[Dataset content — start]
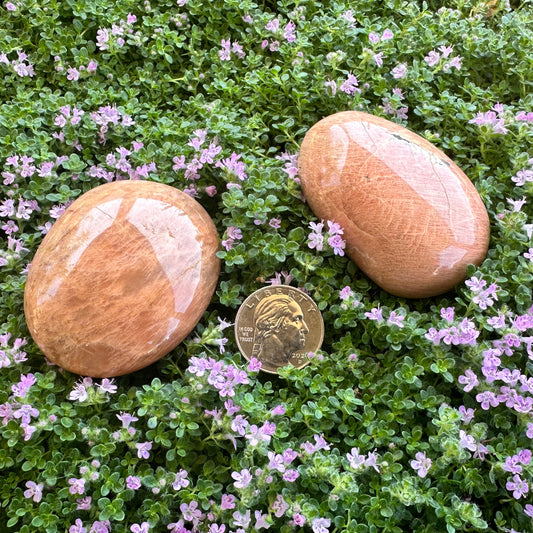 Peach Moonstone Palm Stone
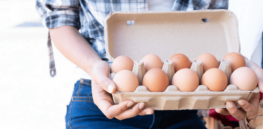 Do cage free egg hens really roam free outdoors? Challenging 10 egg myths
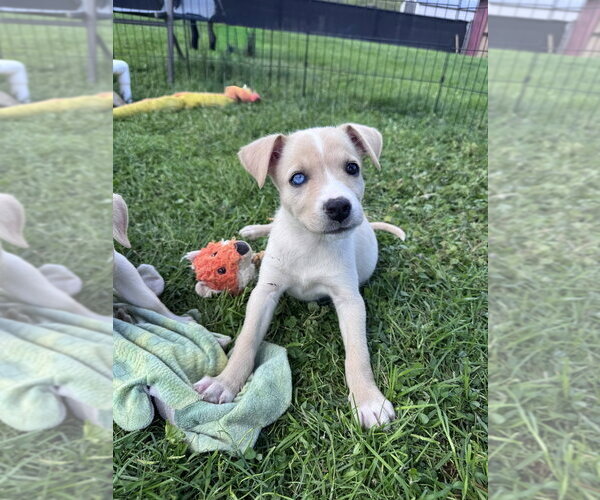 Medium Photo #3 Siberian Husky-Unknown Mix Puppy For Sale in Springdale, PA, USA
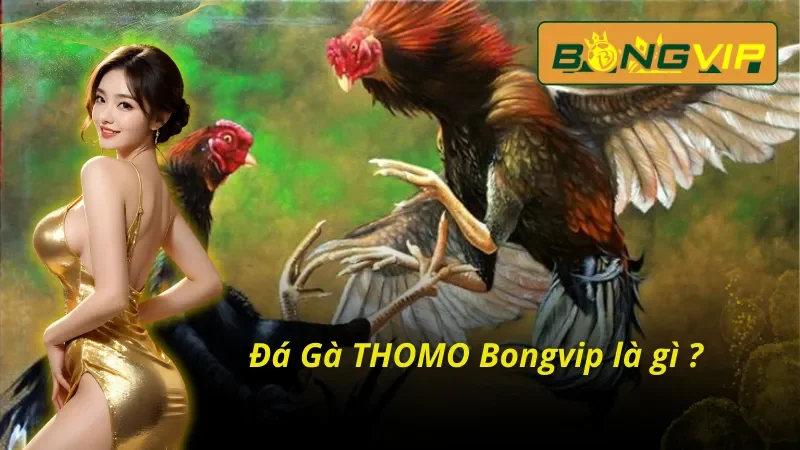 Bỏ Túi Các Hình Thức Đá Gà THOMO Bongvip Đánh Bại Nhà Cái 2 Tổng quan những thông tin cơ bản về Đá Gà THOMO Bongvip
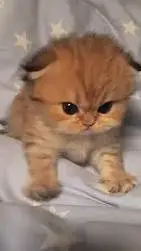 ai character: ur kitten background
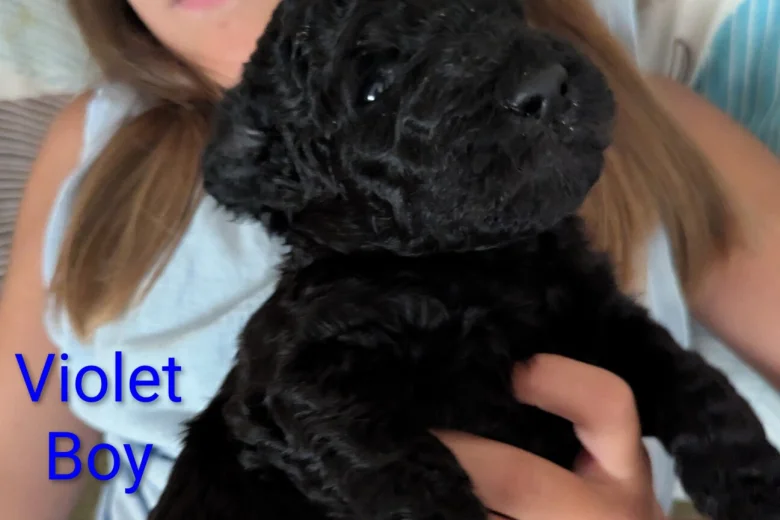 Goldendoodle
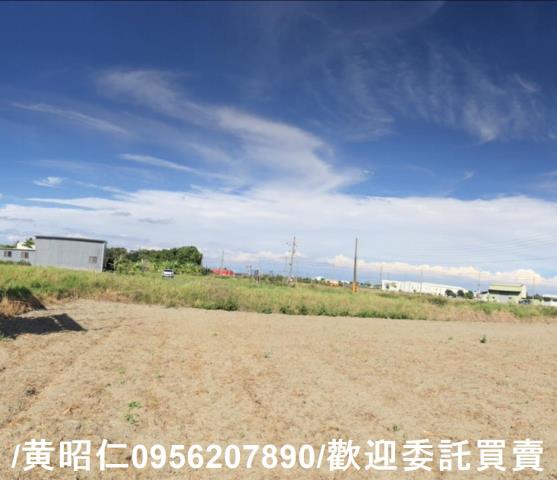 仁德農地-5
[Dataset content — finish]
- _Problem description_
An exact copy of all the lines above is required, with the pictures removed.

- _Answer box_
 Peach Moonstone Palm Stone
 Do cage free egg hens really roam free outdoors? Challenging 10 egg myths
 Medium Photo #3 Siberian Husky-Unknown Mix Puppy For Sale in Springdale, PA, USA
 Bỏ Túi Các Hình Thức Đá Gà THOMO Bongvip Đánh Bại Nhà Cái 2 Tổng quan những thông tin cơ bản về Đá Gà THOMO Bongvip
 ai character: ur kitten background
 Goldendoodle
 仁德農地-5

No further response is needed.